**Task to carry out:** In the copy, include exactly the lines from the one with "bathroom with hardwood" through the end of the data and no others, both ends kept, with every picture left out.

━━━

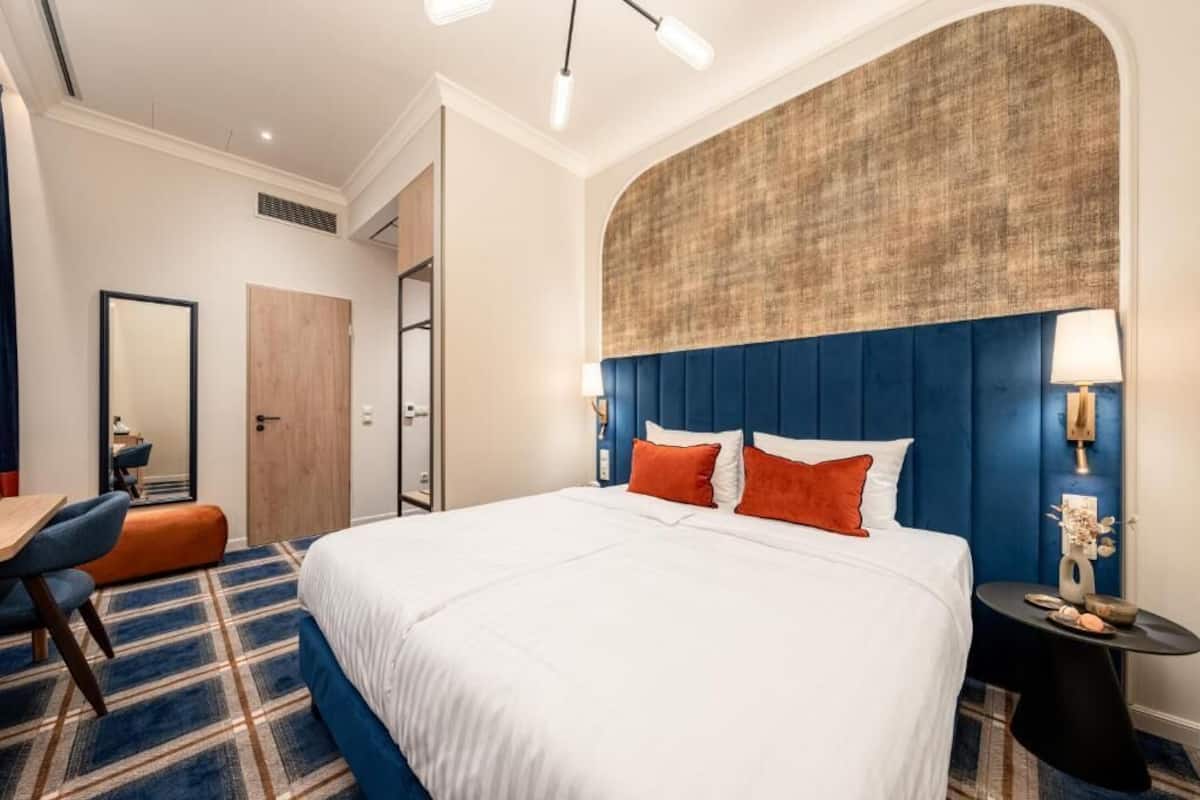 Una habitación de hotel con una cama grande, un escritorio y una silla.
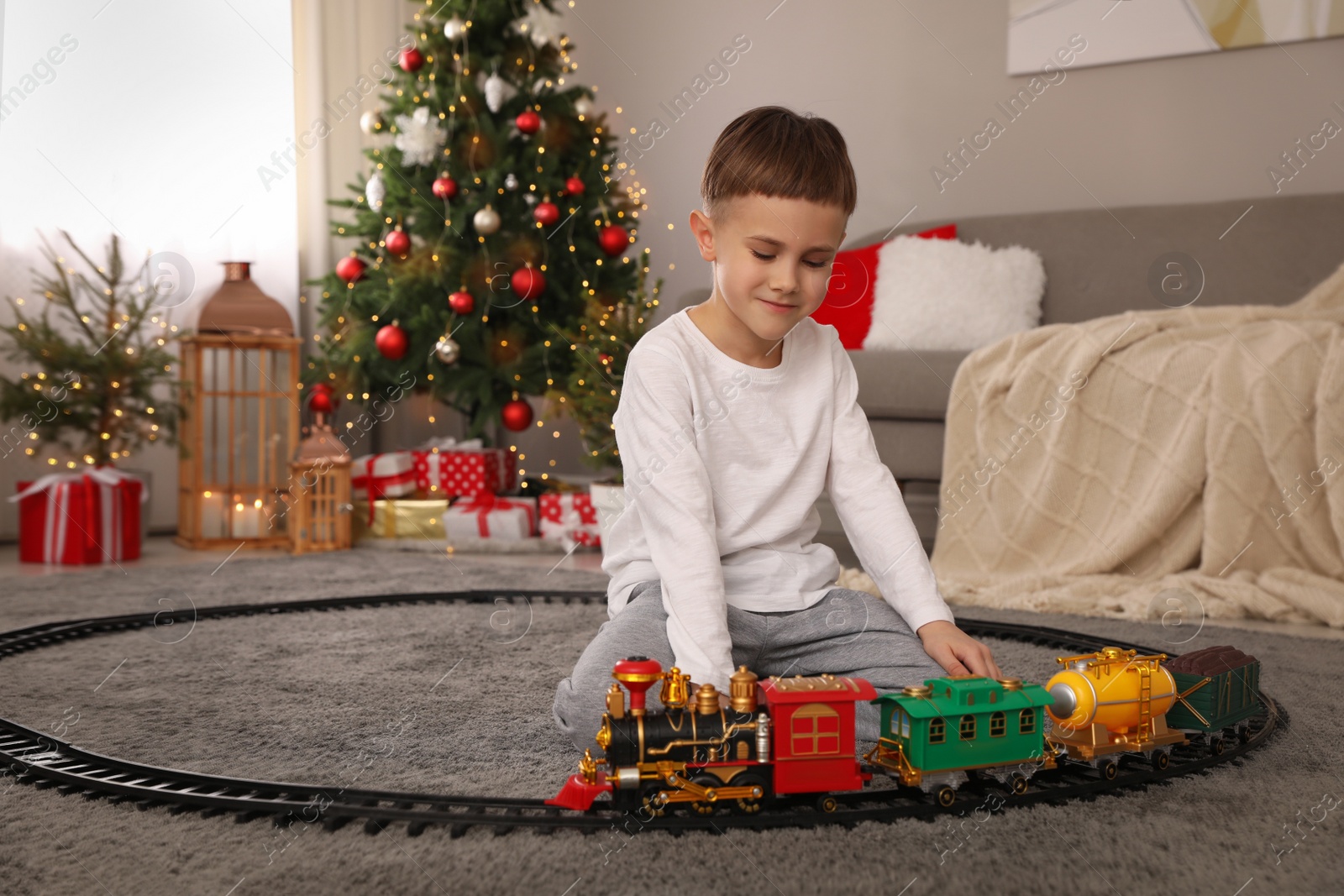 Photo of Little boy playing with colorful train toy in room decorated for Christmas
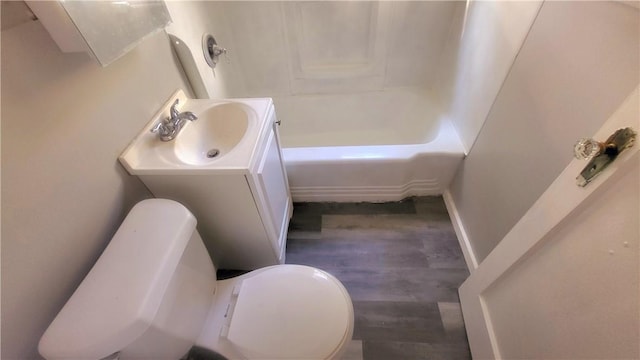 bathroom with hardwood / wood-style floors, vanity, and toilet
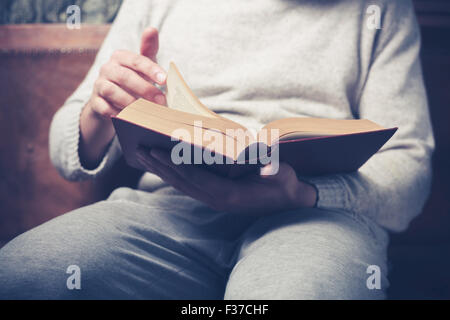 Young man is sitting on a sofa and flipping the pages of a big book Stock Photo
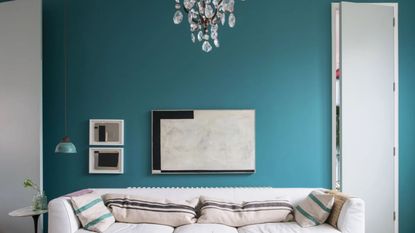 A living room with teal walls and white sofa
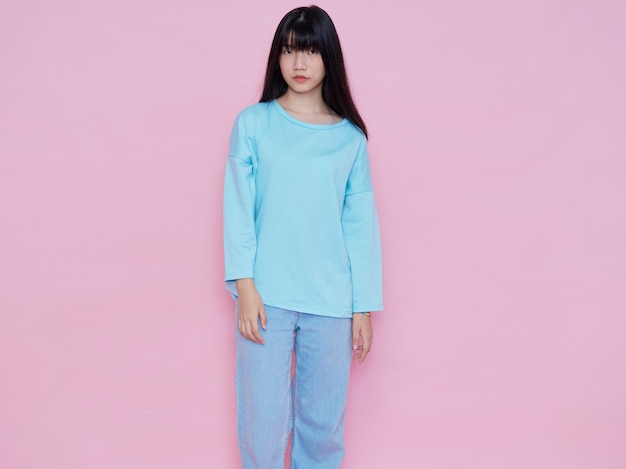 Portrait of young woman posing on pink wall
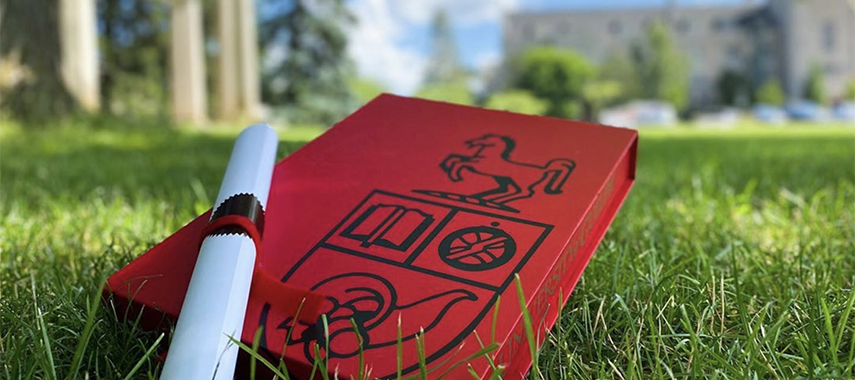 convocation keepsake boxes in the grass on Johnston Green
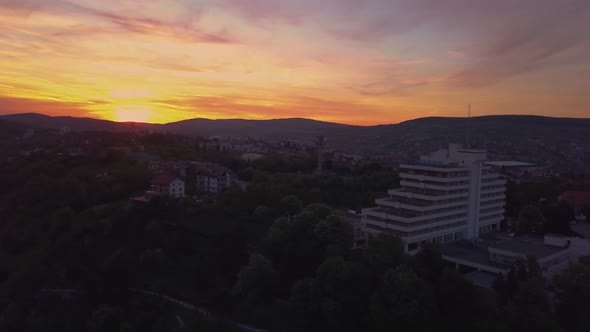 Sunset Red Skyline at Cluj, Romania, Transylvania. Aerial drone over European valley town city with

━━━

**Completed exercise:**
 bathroom with hardwood / wood-style floors, vanity, and toilet
 Young man is sitting on a sofa and flipping the pages of a big book Stock Photo
 A living room with teal walls and white sofa
 Portrait of young woman posing on pink wall
 convocation keepsake boxes in the grass on Johnston Green
 Sunset Red Skyline at Cluj, Romania, Transylvania. Aerial drone over European valley town city with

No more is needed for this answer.